日本の隠れた半導体のファブレスメーカーであるメガチップスはゲームをしたことがあれば誰でも知ってるであろう会社の縁の下の力持ちです。その会社とは言わずと知れた任天堂。メガチップス自体は1990年代の創業で、その頃からゲーム機開発を任天堂と一緒にやってきた仲です。メガチップスの売り上げの9割から8割が任天堂向けというほど、任天堂がお得意さんなのです。
この記事ではメガチップスの現状から、そして将来展開まで公開されている情報をもとに紹介していきます。
そもそもファブレスメーカーとは
そもそも、ファブレスメーカーという意味から確認しましょう。ファブレスメーカーとは工場を持たずに、自社で設計・販売だけを行うメーカーのことを指します。日本が半導体に強かったころ、自社で設計・製造・販売というすべての工程を行う垂直統合型の会社が主流でした。

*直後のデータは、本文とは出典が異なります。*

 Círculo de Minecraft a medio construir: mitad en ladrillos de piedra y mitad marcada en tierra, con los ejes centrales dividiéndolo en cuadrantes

しかし、半導体には非常に精度の求められる作業工程がいくつもあり、その作業工程自体に大きなビジネスチャンスがあったのです。結果、今や世界の半導体の潮流としては設計、製造などの各工程は独立した会社が行う分業体制が出来上がりました。
分業化の利点は顧客の細かな需要にしっかりと対応できることですが、日本の半導体業界が凋落したのはこの細かな顧客のニーズに応えず垂直統合型の会社で続けようとした点にあるともいわれています。
メガチップスは日本初のファブレスメーカー
そんな、分業化に乗り遅れた日本においての初めてのファブレスメーカーがメガチップスです。創業者の進藤晶弘氏は、メガチップスの創業前、その当時日本に半導体で押されていたアメリカの半導体は上流工程(設計やアルゴリズム)をしっかりと取り押さえている現状を間近で目撃しました。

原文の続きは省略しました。